“You decided to call it, eh?”

“I have.”

Owen was puzzled by the old man’s angry mood. He wondered what it all meant, but thought he and Cowperwood might have had a few words. He went out to his desk to write a note and call a clerk. Butler went to the window and stared out. He was angry, bitter, brutal in his vein.

“The dirty dog!” he suddenly exclaimed to himself, in a low voice. “I’ll take every dollar he’s got before I’m through with him. I’ll send him to jail, I will. I’ll break him, I will. Wait!”

He clinched his big fists and his teeth.

“I’ll fix him. I’ll show him. The dog! The damned scoundrel!”

Never in his life before had he been so bitter, so cruel, so relentless in his mood.

He walked his office floor thinking what he could do. Question Aileen—that was what he would do. If her face, or her lips, told him that his suspicion was true, he would deal with Cowperwood later. This city treasurer business, now. It was not a crime in so far as Cowperwood was concerned; but it might be made to be.

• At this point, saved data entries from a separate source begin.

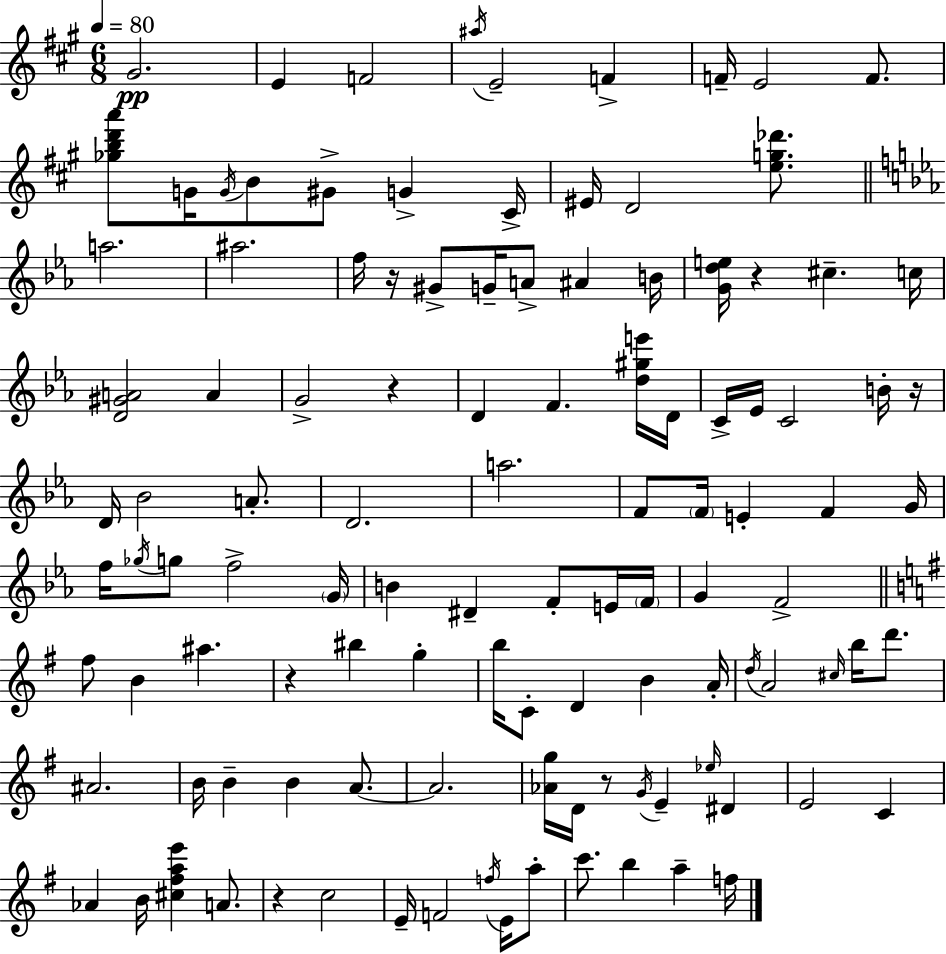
{
  \clef treble
  \numericTimeSignature
  \time 6/8
  \key a \major
  \tempo 4 = 80
  gis'2.\pp | e'4 f'2 | \acciaccatura { ais''16 } e'2-- f'4-> | f'16-- e'2 f'8. | \break <ges'' b'' d''' a'''>8 g'16 \acciaccatura { g'16 } b'8 gis'8-> g'4-> | cis'16-> eis'16 d'2 <e'' g'' des'''>8. | \bar "||" \break \key ees \major a''2. | ais''2. | f''16 r16 gis'8-> g'16-- a'8-> ais'4 b'16 | <g' d'' e''>16 r4 cis''4.-- c''16 | \break <d' gis' a'>2 a'4 | g'2-> r4 | d'4 f'4. <d'' gis'' e'''>16 d'16 | c'16-> ees'16 c'2 b'16-. r16 | \break d'16 bes'2 a'8.-. | d'2. | a''2. | f'8 \parenthesize f'16 e'4-. f'4 g'16 | \break f''16 \acciaccatura { ges''16 } g''8 f''2-> | \parenthesize g'16 b'4 dis'4-- f'8-. e'16 | \parenthesize f'16 g'4 f'2-> | \bar "||" \break \key e \minor fis''8 b'4 ais''4. | r4 bis''4 g''4-. | b''16 c'8-. d'4 b'4 a'16-. | \acciaccatura { d''16 } a'2 \grace { cis''16 } b''16 d'''8. | \break ais'2. | b'16 b'4-- b'4 a'8.~~ | a'2. | <aes' g''>16 d'16 r8 \acciaccatura { g'16 } e'4-- \grace { ees''16 } | \break dis'4 e'2 | c'4 aes'4 b'16 <cis'' fis'' a'' e'''>4 | a'8. r4 c''2 | e'16-- f'2 | \break \acciaccatura { f''16 } e'16 a''8-. c'''8. b''4 | a''4-- f''16 \bar "|."
}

So now, telling the clerk to say to Owen that he had gone down the street for a few moments, he boarded a street-car and rode out to his home, where he found his elder daughter just getting ready to go out. She wore a purple-velvet street dress edged with narrow, flat gilt braid, and a striking gold-and-purple turban. She had on dainty new boots of bronze kid and long gloves of lavender suede. In her ears was one of her latest affectations, a pair of long jet earrings. The old Irishman realized on this occasion, when he saw her, perhaps more clearly than he ever had in his life, that he had grown a bird of rare plumage.

“Where are you going, daughter?” he asked, with a rather unsuccessful attempt to conceal his fear, distress, and smoldering anger.